Only the closing stretch of the material belongs in the answer: the line containing "2008 UTILITY 53'" and every line after it, copied exactly.
-- Provided entries follows --
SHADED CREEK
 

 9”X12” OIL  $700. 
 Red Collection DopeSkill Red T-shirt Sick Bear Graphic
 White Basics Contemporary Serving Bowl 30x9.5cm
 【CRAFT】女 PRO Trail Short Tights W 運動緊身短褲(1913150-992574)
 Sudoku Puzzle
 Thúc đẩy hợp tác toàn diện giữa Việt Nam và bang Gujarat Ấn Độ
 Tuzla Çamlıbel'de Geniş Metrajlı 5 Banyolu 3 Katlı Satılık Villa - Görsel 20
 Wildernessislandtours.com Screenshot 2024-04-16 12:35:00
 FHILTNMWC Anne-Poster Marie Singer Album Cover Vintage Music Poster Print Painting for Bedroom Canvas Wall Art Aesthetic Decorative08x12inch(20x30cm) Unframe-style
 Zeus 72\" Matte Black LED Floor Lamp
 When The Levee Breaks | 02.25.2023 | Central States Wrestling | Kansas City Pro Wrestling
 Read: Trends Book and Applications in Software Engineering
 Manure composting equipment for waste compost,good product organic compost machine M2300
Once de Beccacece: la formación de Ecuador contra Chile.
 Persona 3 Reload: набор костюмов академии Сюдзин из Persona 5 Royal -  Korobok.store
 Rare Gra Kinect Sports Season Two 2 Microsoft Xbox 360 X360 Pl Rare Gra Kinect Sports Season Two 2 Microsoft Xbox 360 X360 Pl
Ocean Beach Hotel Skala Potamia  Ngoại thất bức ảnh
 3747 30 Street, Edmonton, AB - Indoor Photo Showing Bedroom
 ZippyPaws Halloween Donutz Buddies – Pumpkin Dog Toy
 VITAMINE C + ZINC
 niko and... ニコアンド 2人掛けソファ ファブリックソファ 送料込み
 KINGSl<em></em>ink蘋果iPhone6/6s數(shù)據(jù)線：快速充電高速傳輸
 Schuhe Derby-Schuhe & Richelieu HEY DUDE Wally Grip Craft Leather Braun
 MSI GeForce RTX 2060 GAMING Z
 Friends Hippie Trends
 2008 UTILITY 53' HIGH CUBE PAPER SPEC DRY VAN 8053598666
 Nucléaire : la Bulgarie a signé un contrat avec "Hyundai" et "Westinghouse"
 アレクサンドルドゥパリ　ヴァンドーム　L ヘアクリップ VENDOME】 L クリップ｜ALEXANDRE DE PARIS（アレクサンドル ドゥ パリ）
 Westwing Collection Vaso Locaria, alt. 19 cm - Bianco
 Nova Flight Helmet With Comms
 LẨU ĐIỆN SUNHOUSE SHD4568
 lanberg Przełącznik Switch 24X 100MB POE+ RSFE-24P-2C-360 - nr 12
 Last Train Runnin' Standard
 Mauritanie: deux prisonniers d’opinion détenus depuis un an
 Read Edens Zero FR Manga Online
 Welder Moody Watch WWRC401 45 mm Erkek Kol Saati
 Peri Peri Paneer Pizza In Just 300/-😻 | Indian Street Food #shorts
-- Provided entries concluded --
__Response to this exercise__
 2008 UTILITY 53' HIGH CUBE PAPER SPEC DRY VAN 8053598666
 Nucléaire : la Bulgarie a signé un contrat avec "Hyundai" et "Westinghouse"
 アレクサンドルドゥパリ　ヴァンドーム　L ヘアクリップ VENDOME】 L クリップ｜ALEXANDRE DE PARIS（アレクサンドル ドゥ パリ）
 Westwing Collection Vaso Locaria, alt. 19 cm - Bianco
 Nova Flight Helmet With Comms
 LẨU ĐIỆN SUNHOUSE SHD4568
 lanberg Przełącznik Switch 24X 100MB POE+ RSFE-24P-2C-360 - nr 12
 Last Train Runnin' Standard
 Mauritanie: deux prisonniers d’opinion détenus depuis un an
 Read Edens Zero FR Manga Online
 Welder Moody Watch WWRC401 45 mm Erkek Kol Saati
 Peri Peri Paneer Pizza In Just 300/-😻 | Indian Street Food #shorts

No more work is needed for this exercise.